Samory Touré serait né en 1830 à Miniambaladougou qui se trouve dans l’actuelle Guinée. Il commence sa carrière comme un commerçant qui tire profit des échanges trans-océan qui mêlaient notamment les échanges d’or, ainsi que le commerce des armes.
En 1850, le conquérant Moriule Cisse capture la mère de Samory Touré, Masorona Kamara, et Samory est obligé de s’engager au service de celui-ci pour obtenir la libération de sa mère. D’après la légende il y aurait passé « 7 ans, 7 mois et 7 jours » avant de prendre sa mère et de s’enfuir avec celle-ci.Ce passage chez Moriule Cisse lui aura permis d’apprendre le maniement des armes, de se montrer un bon soldat et guerrier, et donc de découvrir que sa vocation est la guerre plus que le commerce. On peut dire que c’est le début de l’ascension de Samory Touré.

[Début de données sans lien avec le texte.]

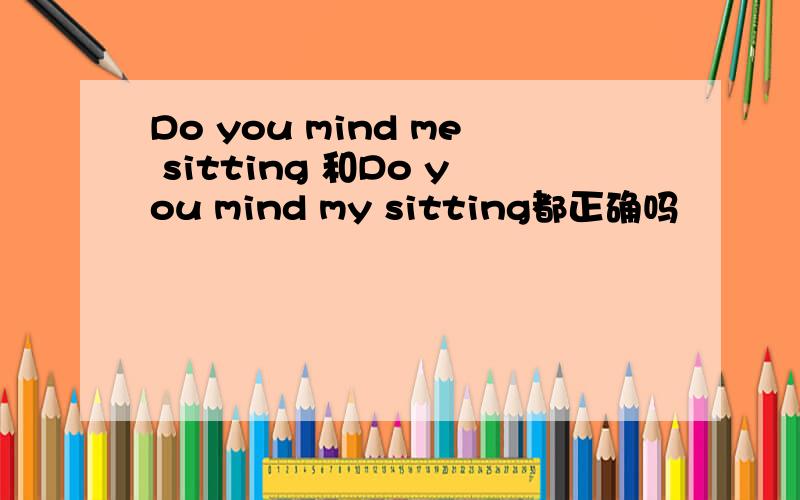 Do you mind me sitting 和Do you mind my sitting都正确吗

A son retour chez lui, il s’engage dans l’armée des Bérété (qui étaient des ennemis des Cissé, mais n’y passe que deux ans avant de retourner vers son peuple, les Kamara.
Il est nommé Kélétigui (chef de guerre) au cours d’une cérémonie durant laquelle il prête serment, et promet de protéger son peuple contre les Bérété et les Cissé. Il crée une armée de métier pilotée par des hommes en qui il a une extrême confiance (ses frères, puis ses amis d’enfance, et ses fils par la suite), et commence la conquête qui mènera à la formation future de son empire, le Wassoulou, dont la capitale sera Bissandougou, empire qui s’étendra (d’ouest en est) à son apogée de la Haute-Guinée à la Haute-Volta (qui s’appelle aujourd’hui Burkina-Faso), en passant par le nord de la Côte d’Ivoire. La forêt tropicale au sud et le Sahara au nord formaient les autres limites de son empire.
Pour mener cette conqûete, Samory Touré se montrera habile guerrier, mais aussi et surtout fin diplômate et habile stratège. Les campagnes de Samory lui vaudront de passer pour un sanguinaire auprès de nombre des battus.

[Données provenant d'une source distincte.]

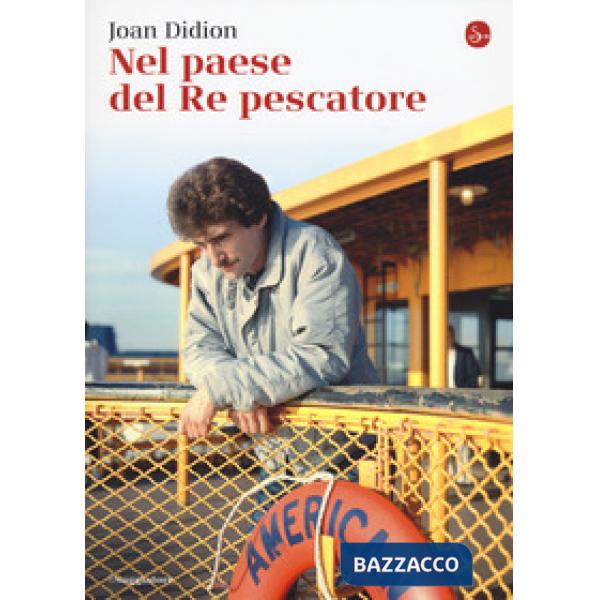 Nel paese del Re pescatore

Les sociétés traditionnelles des peuples battus sont certes conservées, mais elles sont coiffées par une administration militaire qui prélève un lourd tribut, et qui lève des hommes pour l’armée.
Mais surtout, les populations animistes sont islamisées au passage, et Samory Touré prend d’ailleurs le titre d’Almany (commandeur des croyants).

A partir de 1880, Samory Touré va se heurter aux colons anglais et surtout français, qui voulaient pénétrer l’intérieur du continent africain, notamment les français qui voulaient faire la jonction entre leurs colonies du Sénégal et de Côte d’Ivoire.

Son prestige devint immense quand il défit à plusieurs reprises les colons français, notamment lors de la bataille de Woyowayanko le 2 Avril 1882, malgré la supériorité des français qui disposaient d’artillerie lourde.

Sa stratégie de la « terre brûlée » montra des limites face aux généraux français qui apprendront à en limiter les effets, et Samory commit l’erreur de vouloir étendre son empire par le Nord de la Côte d’Ivoire, ce qui était au delà des forces de son Empire, dépourvu d’armes et d’alliés.
Trahi par les siens alors qu’il négociait sa capitulation, il fut arrêté le 29 Septembre 1898 par le Commandant Gouraud, et fut exilé au Gabon où une pneumonie l’emporta le 2 Juin 1900.
Le 28 Septembre 1968 ses cendres seront ramenées en Guinée, alors dirigée par Sékou Touré, qui serait un de ses arrières petits fils.

Figure légendaire de la résistance à la colonisation, Samory Touré aura pu marquer des points décisifs contre le colon, et s’avérera être un fin stratège.

Et si les colons n’ont vu en lui qu’un être sanguinaire, les lutteurs pour l’indépendance de l’Afrique quelques années plus tard verront en lui un héros.